Frank Bartleman (December 14, 1871 – August 23, 1936) was an American preacher, evangelist, and writer whose ministry ignited and chronicled the 1906 Azusa Street Revival, a cornerstone of modern Pentecostalism. Born near Carversville, Pennsylvania, to Frank Bartleman, a strict German Catholic immigrant, and Margaret Hellyer, an American Quaker of English-Welsh descent, he was the third of five sons in a farming family. Converted at 22 on October 15, 1893, in Philadelphia’s Grace Baptist Church under pastor W.W. White, he briefly studied at Temple University and Moody Bible Institute before leaving formal education for ministry, shaped by Salvation Army and Holiness influences.

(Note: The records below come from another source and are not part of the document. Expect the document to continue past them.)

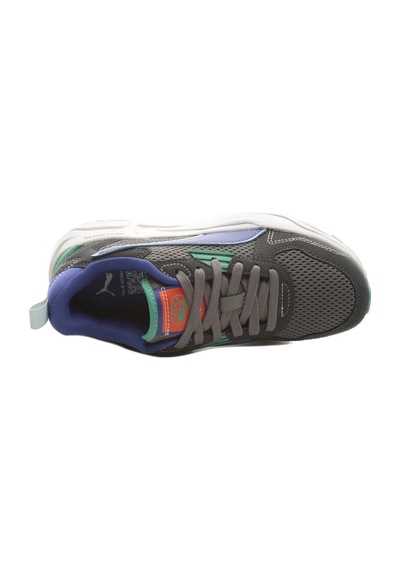 Puma 39800202 Trinityliterdy,st,betterııjr Çocuk Günlük Spor Ayakkabı Gri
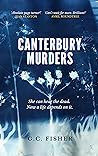 Canterbury Murder...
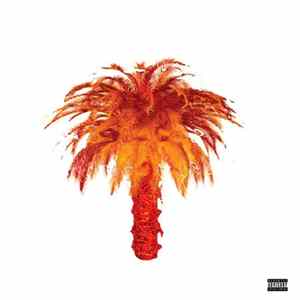 Download Yung Blood - Year Of The Bitch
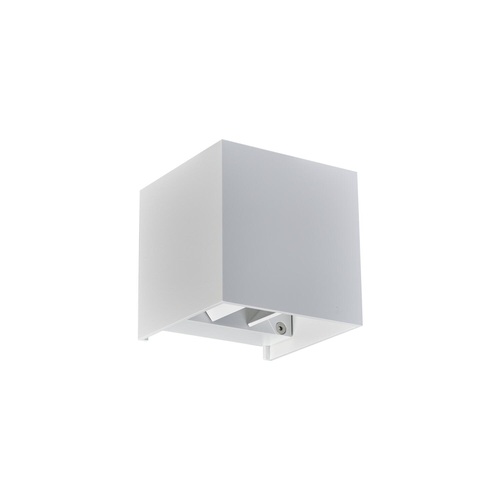 applique-perse-blanc-1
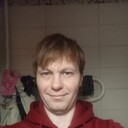  ,    , 44 ,   ,   , c , 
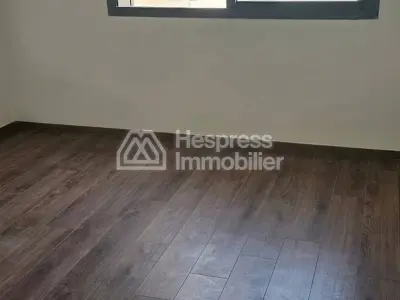 Appartement à louer – Californie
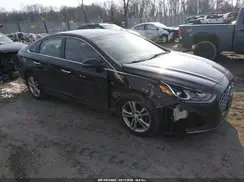 5NPE34AF5KH779294 2019 HYUNDAI SONATA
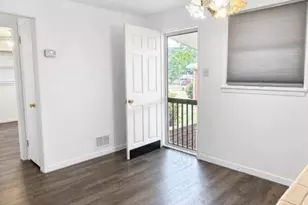 1857 8th St Dr NE, Hickory, NC 28601 - Photo 14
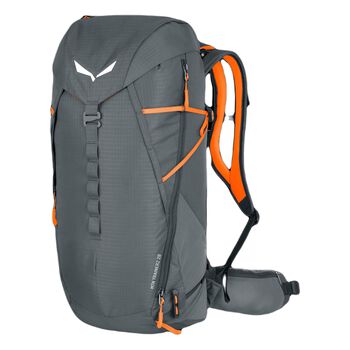 MTN Trainer 2 28 outdoorový batoh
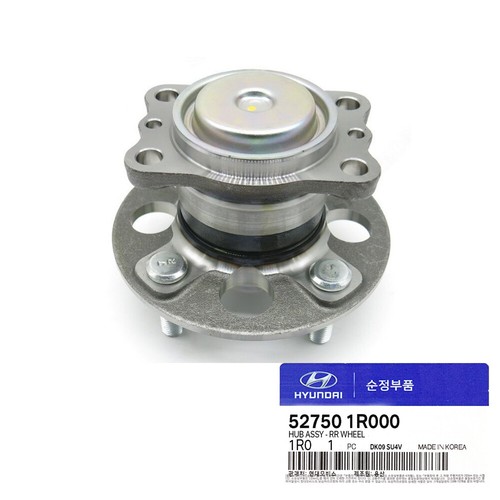 RLA Q5000様 71IwJcDHHlL._UF894,1000_QL80_.jpg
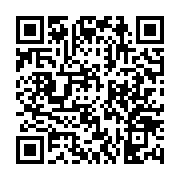 3코트 페이지 바로가기 주소(https://business.jangseong.go.kr/q/ezU1OTN8fHxtb250aD00JnllYXI9MjAwN30=&e=M&s=3), QRCODE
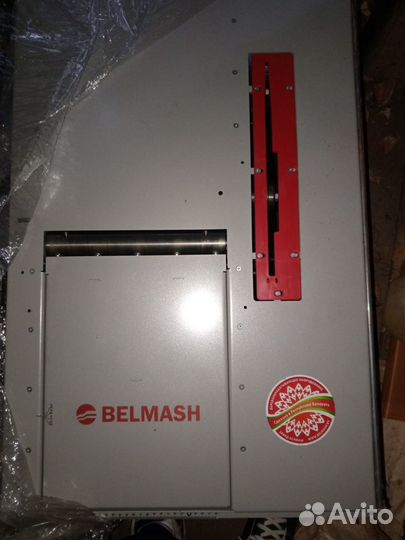 Деревообрабатывающее оборудование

Bartleman’s preaching career began in 1894 with the Salvation Army, Wesleyan Methodists, and Pillar of Fire, evolving into a Pentecostal focus after his 1905 move to Los Angeles. There, his fervent prayer and sermons sparked the Azusa Street Revival under William J. Seymour, where he preached racial unity and Spirit baptism, documented in over 550 articles, 100 tracts, and six books, including How Pentecost Came to Los Angeles (1925). His global ministry included China (1908–1916) and Europe (1912–1914). Married to Anna Ladd in 1900, a Bulgarian adoptee of Methodist missionaries, they had four children—Esther (died infancy), George, Ruth, and John—before her death in 1929. Bartleman died at age 64 in Los Angeles, California.